Examiners visiting credit unions in 2018 will be focused on the following items:
Cybersecurity assessments: In the new year, the NCUA will begin using the Automated Cybersecurity Examination (ACET) tool when examining CUs with assets of more than $1 billion. The ACET is intended to give the regulator a repeatable, measurable and transparent process for assessing the level of cyber preparedness across CUs. The ACET incorporates standards and practices established for financial institutions and aligns with the Cybersecurity Assessment Tool by the FFIEC.
While the ACET is only for credit unions with assets of $1 billion or more, NCUA has announced its intentions to continue to test and refine the tool for use at smaller, less complex institutions, and intends to keep CUs informed as changes occurs.
Bank Secrecy Act compliance: As examiners review CUs compliance with the Bank Secrecy Act, the Customer Due Diligence regulations for FIs will become effective May 11, 2018. Examiners will begin assessing compliance with this new regulation in the second half of 2018.

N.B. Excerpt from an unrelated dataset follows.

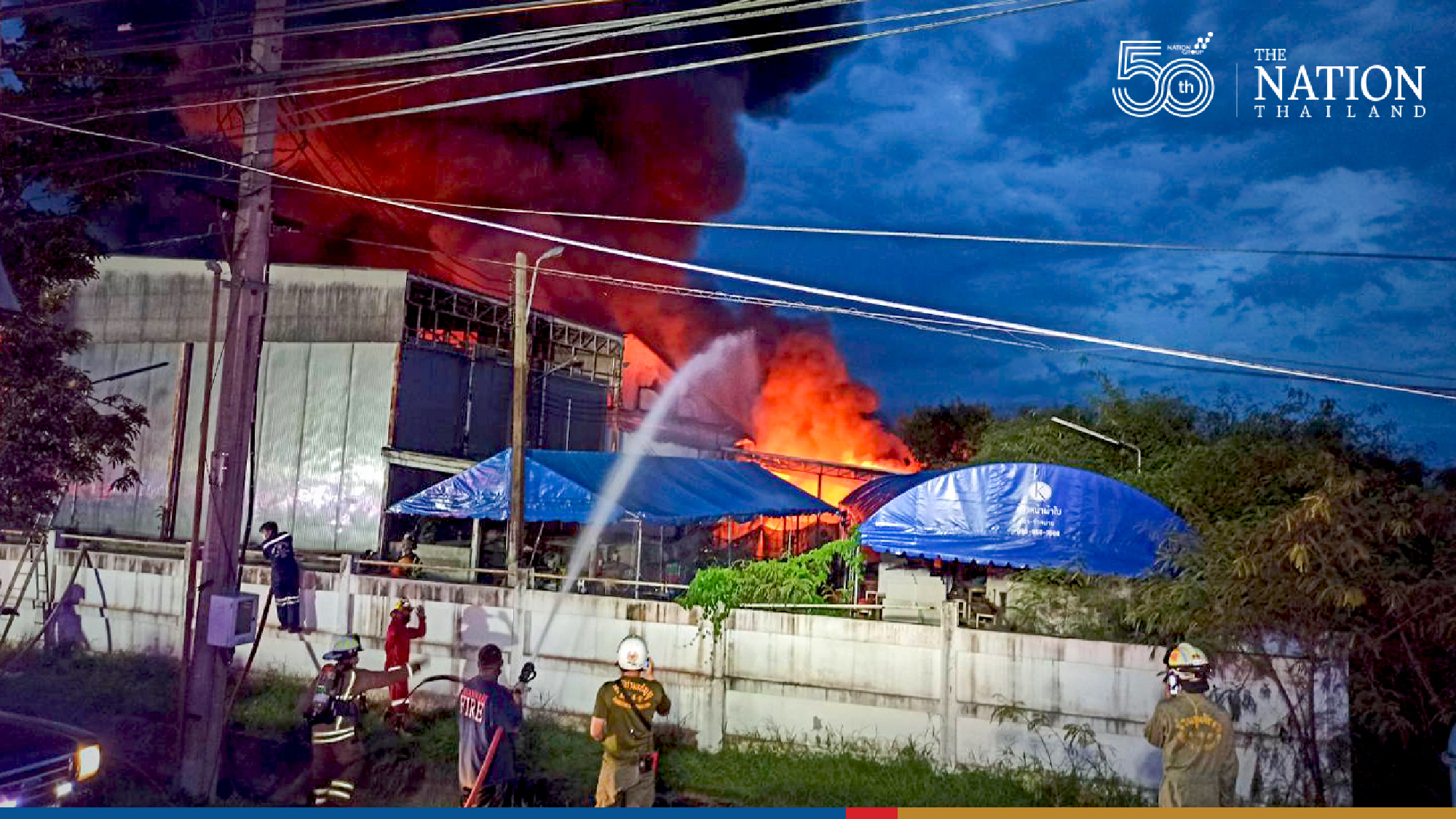 Firefighters busy again as blaze tears through Bangkok hotel supply factory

Internal controls and fraud prevention: Examiners will continue to evaluate the adequacy of credit union internal controls, as well as overall efforts to prevent and detect fraud.
Interest rate and liquidity risk: On Jan. 1, 2017, examiners began using a revised interest rate risk supervisory tool and examination procedures to assess interest rate risk management practices in CUs. The NCUA did not examine all CUs in 2017, so some CUs will be examined under the new procedure for the first time in 2018. Examiners will also increase their focus on liquidity risk management practices given the emerging trends related to on-balance-sheet liquidity.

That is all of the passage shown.